Hi everyone, my name is Matthew, I'm an international student studying maths and physics courses in Berkeley. If anyone is in PY105, PY137B or PY112 then cool! Let me know if you want to chat about anything in those subjects :) (or in this course, of course)

Although 'Math' is literally in my name, I believe it probably has measure 0. (Though I haven't been able to prove this…)

Note: In this passage, the terms L-integral, L-measurable refer to Lebesgue integral, Lebesgue measurable etc.

Intuitively, the integral of a function $f: \mathbb{R} \rightarrow \mathbb{R}$ is the area between the graph of the function and the x-axis. In order to apply our notions of measure to integration, it makes sense that we first define integrals to output positive reals, just like a measure. Therefore we focus on functions $f: \mathbb{R} \rightarrow [0,\infty)$ which, intuitively at least, should return a positive real after integration.

It is then very natural to proceed with the definition of the Lebesgue integral, which should bring measure and integration together. We first define the Undergraph $\mathcal{U}$ of $f$: $$\mathcal{U}f = \{(x,y) \in \mathbb{R} \times [0,\infty) : 0 \leq y < f(x)\}$$

Then we simply allow the Lebesgue integral to equal: $$\int f = m (\mathcal{U}f)$$

Clearly, for the integral to be defined, $\mathcal{U}f$ must be L-measurable. In which case, $f$ is called a L-measurable function.

As Rasmus Pallisgaard has correctly pointed out, we drop the $dx$ that we usually see in Riemann integration, since we not simply adding boxes of thickness $dx$. As a side note, if $\mathcal{U}f$ is indeed measurable, $m (\mathcal{U}f) = m^* (\mathcal{U}f)$. Thus we are in a sense still just adding boxes, and likely ones that have infinitesimal dimensions.

We can introduce another property, namely that $f$ is a L-integrable function if it both L-measurable, and if its L-integral is finite. Personally, I think the name isn't very appropriate, since it is still possible to find the L-integral of a non-L-integrable function, only the answer is not finite.
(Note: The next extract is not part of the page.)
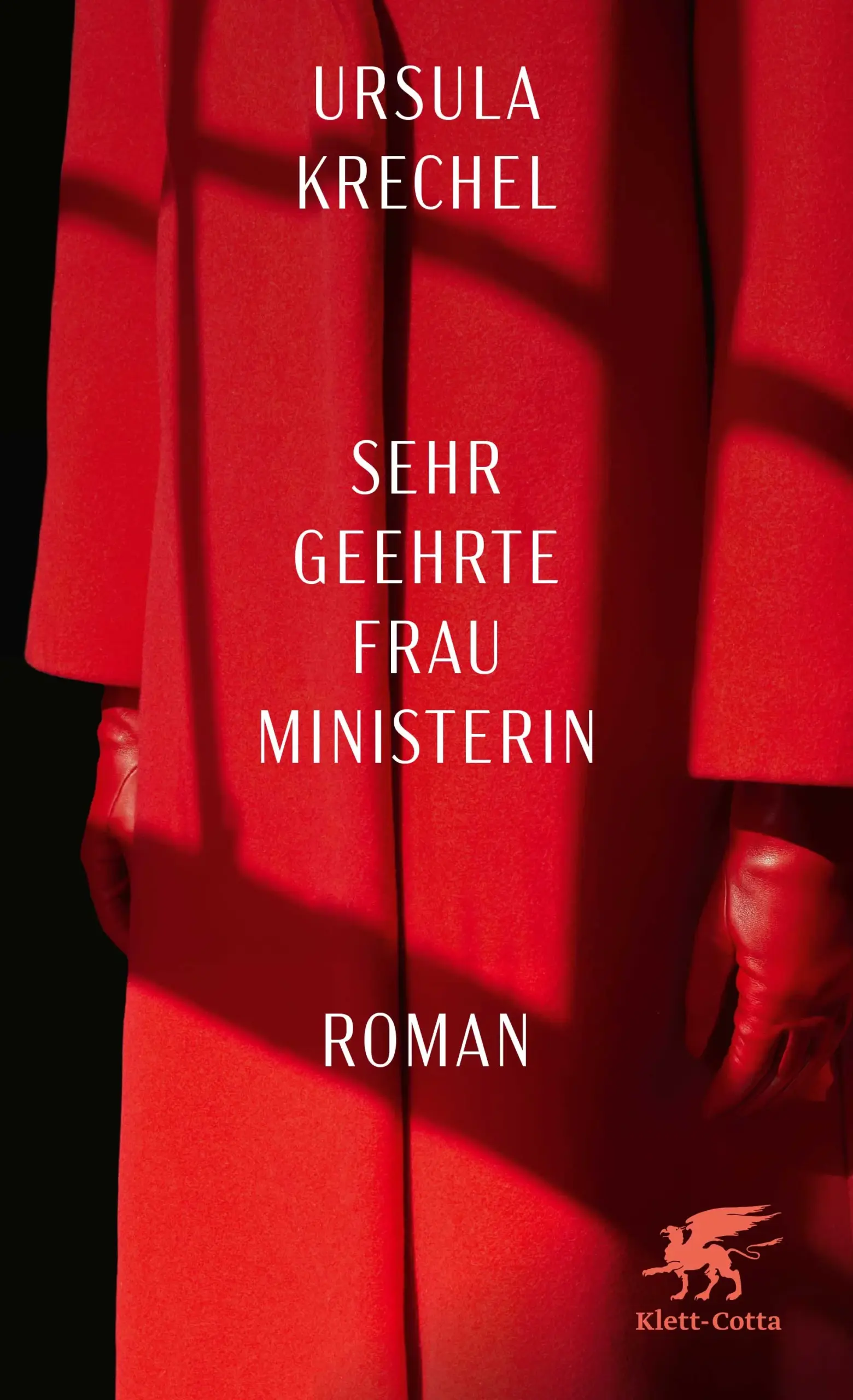 Georg-Büchner-Preis 2025100 Beste Bücher des Jahres der ZEIT»Frau Ministerin, ich gratuliere Ihnen zu Ihrem Sohn.«Ein radikal gegenwärtiger Roman über die abgründigen Beziehungen zwischen Söhnen und ihren Müttern. Mit einer Sprachkraft, die Staunen macht, erzählt die preisgekrönte Schriftstellerin Ursula Krechel von symbiotischer Mutterschaft, von existenziell gefährdeten Frauen und von politischer Gewalt.Mit seiner Mutter sprechen zu müssen, ist für den Sohn von Eva Patarak ein Staatsverbrechen. Für Eva hingegen ist es ein Verbrechen, dass ihr Sohn und sie offenbar ausspioniert werden. Welches Ziel verfolgt die Lateinlehrerin Silke Aschauer mit ihrer Observation? Will sie etwa einen Roman schreiben? Bieten die grausamen Familienverhältnisse der Antike, die sie für den Unterricht aufbereitet, nicht ausreichend Stoff für Faszination? Fest steht nur: Silke hält längst nicht alle Fäden in der Hand, denn ihr eigener Körper hat einen blutigen Aufstand gegen sie angezettelt, der sie in die Rolle der Patientin zwingt. In ihrer Ohnmacht wenden sich beide Frauen an die Justizministerin – ohne zu ahnen, in welche Gefahr sie die Staatsvertreterin damit bringen. Ursula Krechel schreibt in ihrem hoch politischen und stilistisch herausragenden Roman eine Kulturgeschichte aller Frauen – von einer römischen Kaisermutter zu einer Studienrätin, von einer Verkäuferin in einem kleinen Kräuterimperium zu einer Ministerin. Es ist die Geschichte ihres Widerstands gegen die Gewalt, die ihnen physisch und psychisch zugemutet wird.»Niemand erzählt so formbewusst wie Ursula Krechel.« Andreas Platthaus, FAZ»Mit ihr zeichnet die Deutsche Akademie für Sprache und Dichtung eine Autorin aus, die in ihren Gedichten, Theaterstücken, Hörspielen, Romanen und Essays den Verheerungen der deutschen Geschichte und Verhärtungen der Gegenwart die Kraft ihrer Literatur entgegensetzt. […] Das Thema der Selbstbehauptung, Wiederentdeckung und Fortentwicklung weiblicher Autorschaft zieht sich als roter Faden durch ihr gesamtes Schaffen.« Jury des Georg-Büchner-Preises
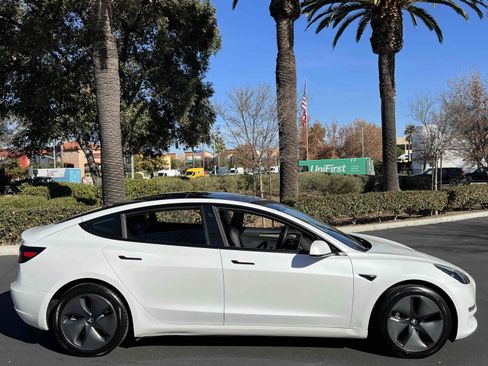 Used 2021 Tesla Model 3 Standard Range Plus image 19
A significant practical advantage L-integration has over Riemann integration is that it can work with a much wider scope of functions. For instance, Riemann integration can't handle a function that is discontinuous at an uncountable number of points, however L-integration can deal with this no problem, so long as the undergraph is L-measurable. An L-integrable function can also be unbounded, so long as the L-measure of the undergraph converges to a finite value.